_Source data_:
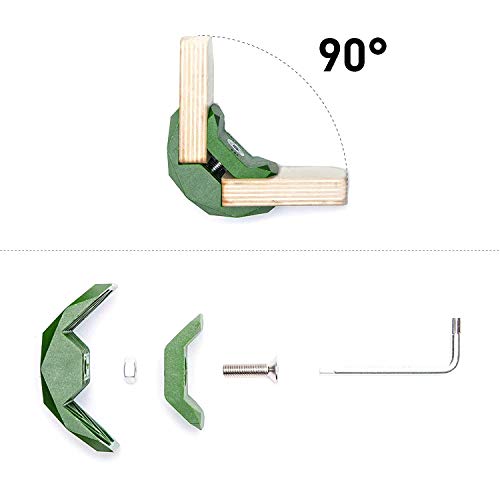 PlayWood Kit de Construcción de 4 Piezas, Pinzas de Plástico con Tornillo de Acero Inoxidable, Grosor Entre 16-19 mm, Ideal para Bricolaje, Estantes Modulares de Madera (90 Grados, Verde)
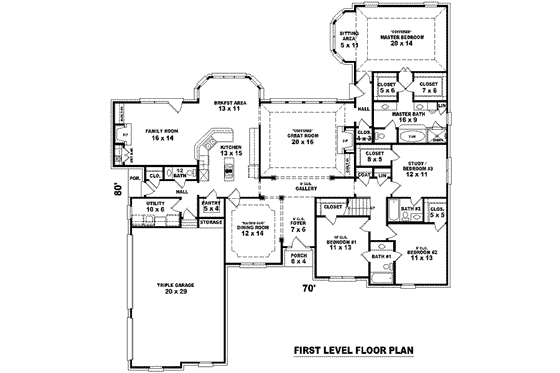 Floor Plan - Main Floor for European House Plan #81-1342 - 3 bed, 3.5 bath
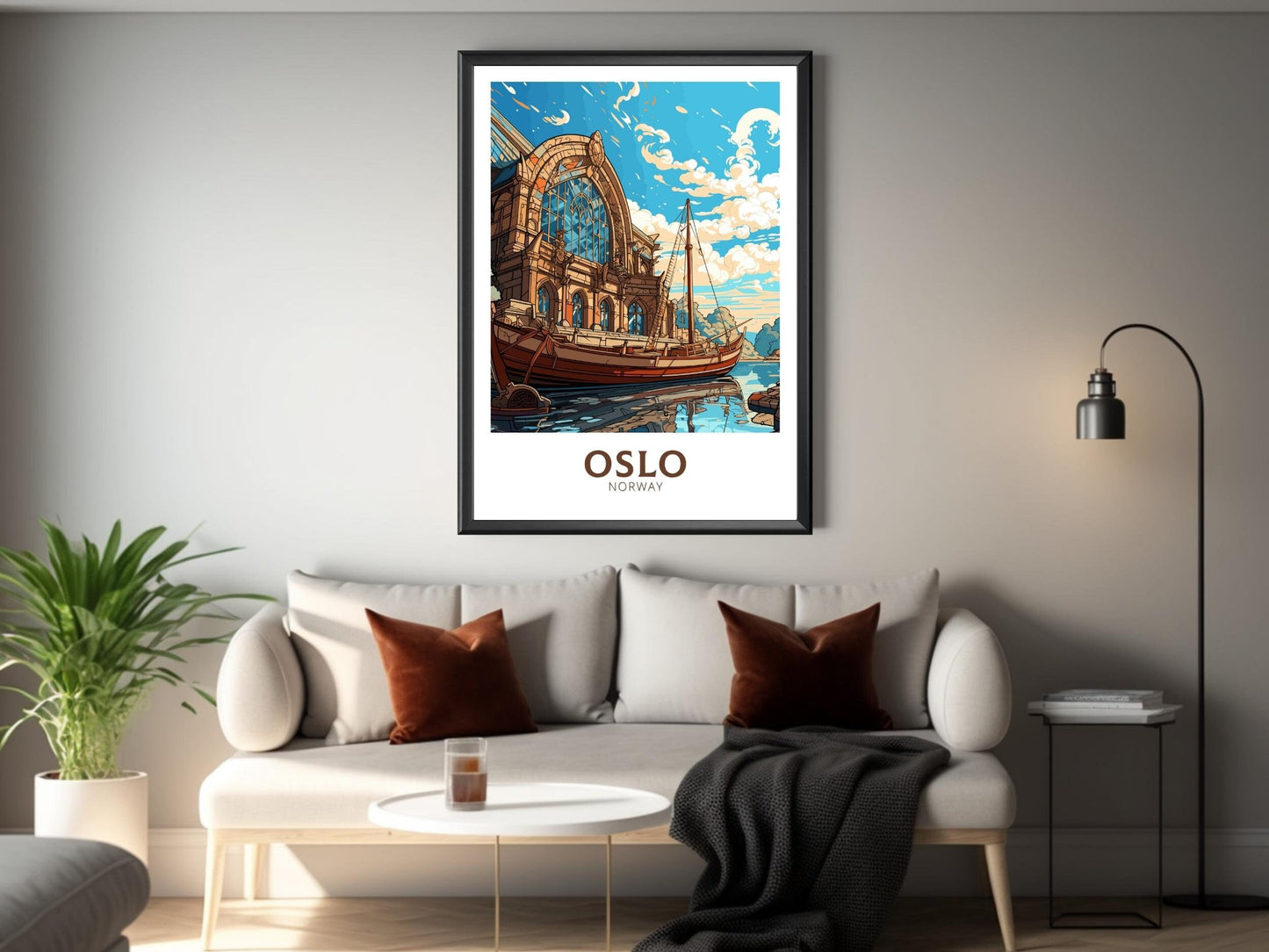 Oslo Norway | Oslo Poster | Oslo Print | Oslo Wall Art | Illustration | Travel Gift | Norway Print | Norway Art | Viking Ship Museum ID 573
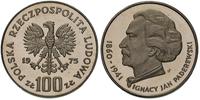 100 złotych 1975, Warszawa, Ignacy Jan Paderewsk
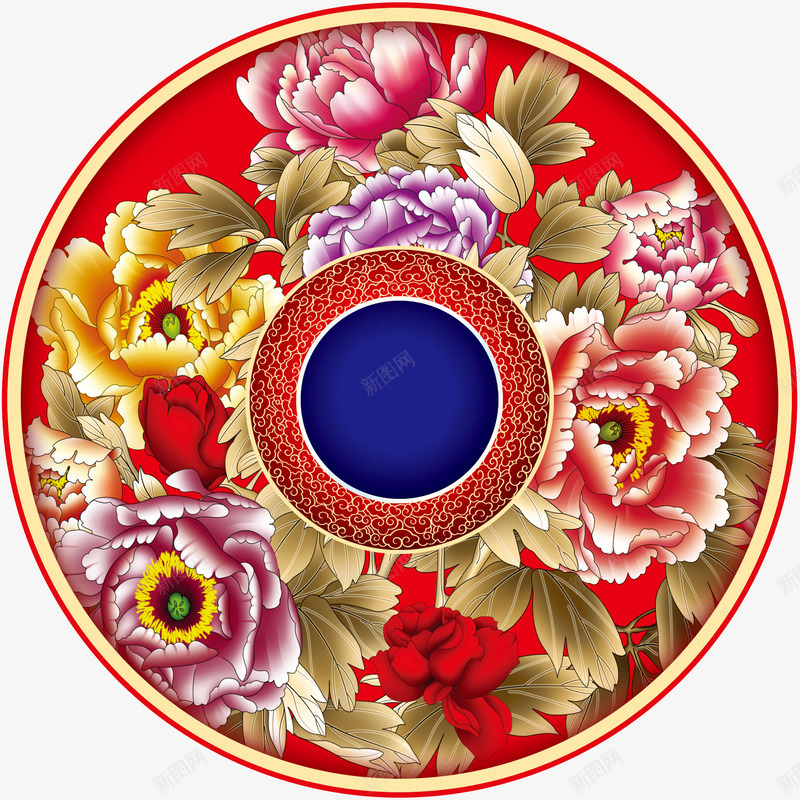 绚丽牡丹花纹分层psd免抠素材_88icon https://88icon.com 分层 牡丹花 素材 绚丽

---

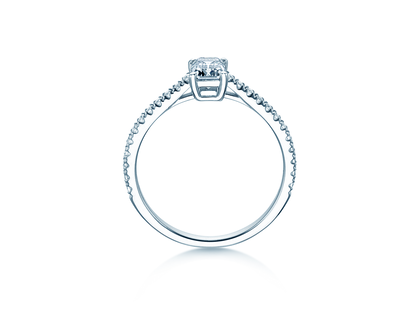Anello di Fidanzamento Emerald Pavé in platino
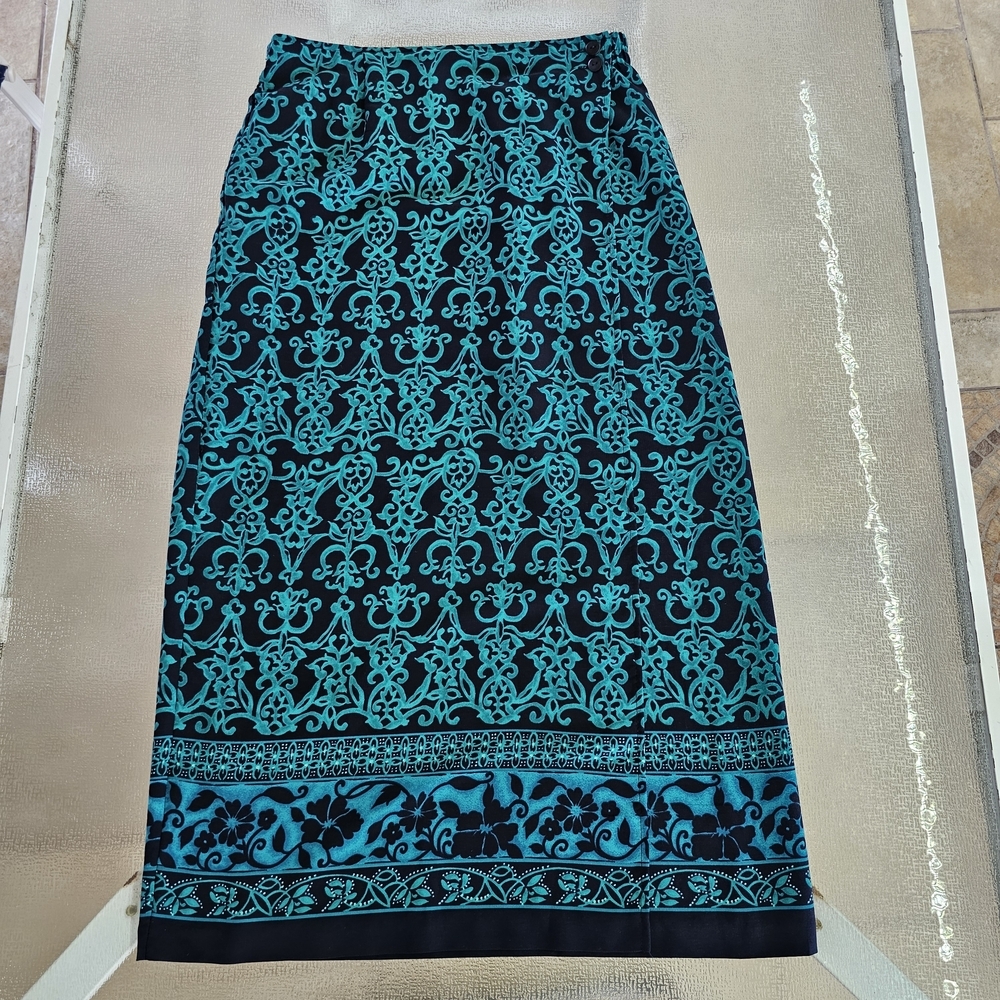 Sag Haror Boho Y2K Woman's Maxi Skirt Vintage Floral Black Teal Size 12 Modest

--

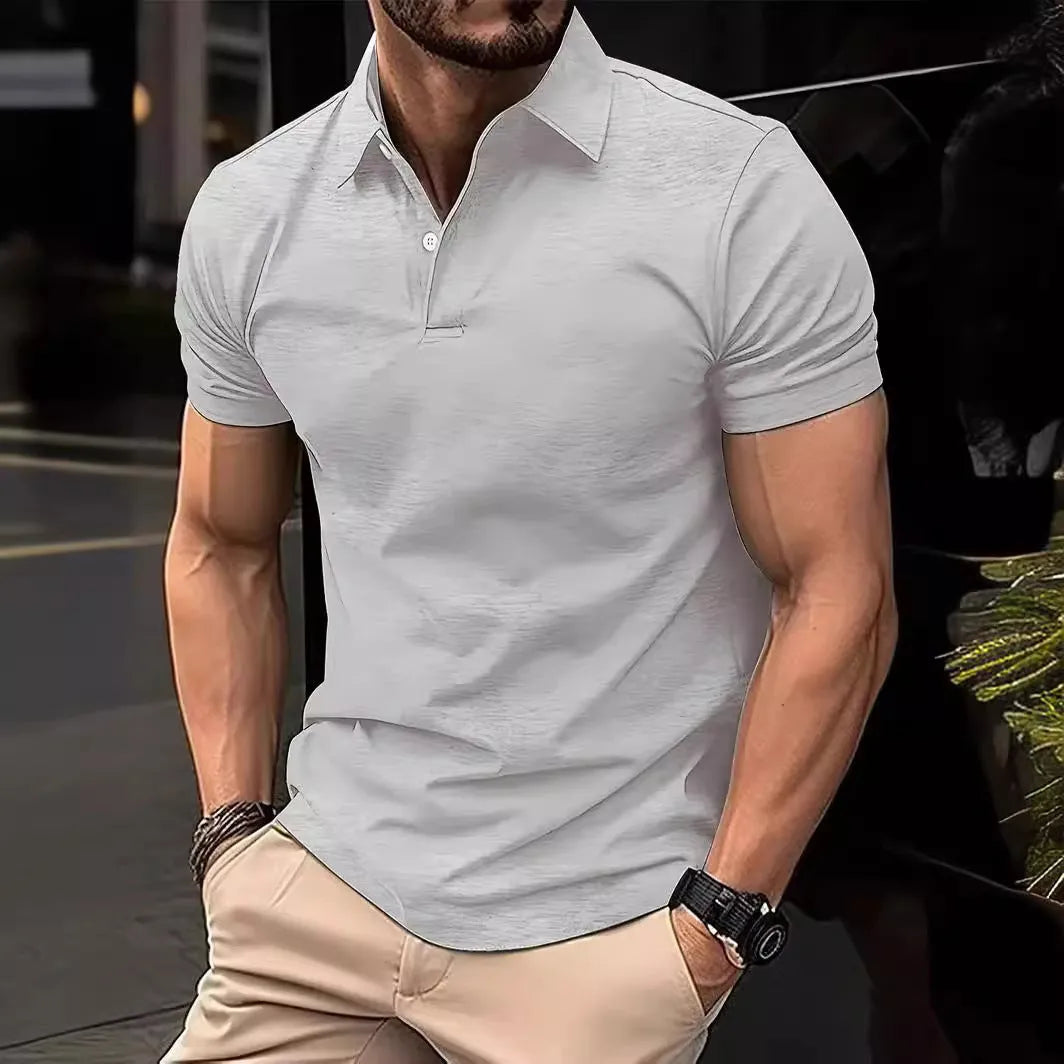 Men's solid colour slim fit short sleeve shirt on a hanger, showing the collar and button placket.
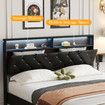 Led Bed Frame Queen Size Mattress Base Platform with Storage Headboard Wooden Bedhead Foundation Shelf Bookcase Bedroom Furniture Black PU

_Exercise objective_: Only the lines starting at the one with "PlayWood Kit de" and ending at the one with "绚丽牡丹花纹分层psd免抠素材_88icon https://88icon.com 分层" should be printed, each exactly as it appears in the material above; the pictures are to be omitted.

_Answer section_:
 PlayWood Kit de Construcción de 4 Piezas, Pinzas de Plástico con Tornillo de Acero Inoxidable, Grosor Entre 16-19 mm, Ideal para Bricolaje, Estantes Modulares de Madera (90 Grados, Verde)
 Floor Plan - Main Floor for European House Plan #81-1342 - 3 bed, 3.5 bath
 Oslo Norway | Oslo Poster | Oslo Print | Oslo Wall Art | Illustration | Travel Gift | Norway Print | Norway Art | Viking Ship Museum ID 573
 100 złotych 1975, Warszawa, Ignacy Jan Paderewsk
 绚丽牡丹花纹分层psd免抠素材_88icon https://88icon.com 分层 牡丹花 素材 绚丽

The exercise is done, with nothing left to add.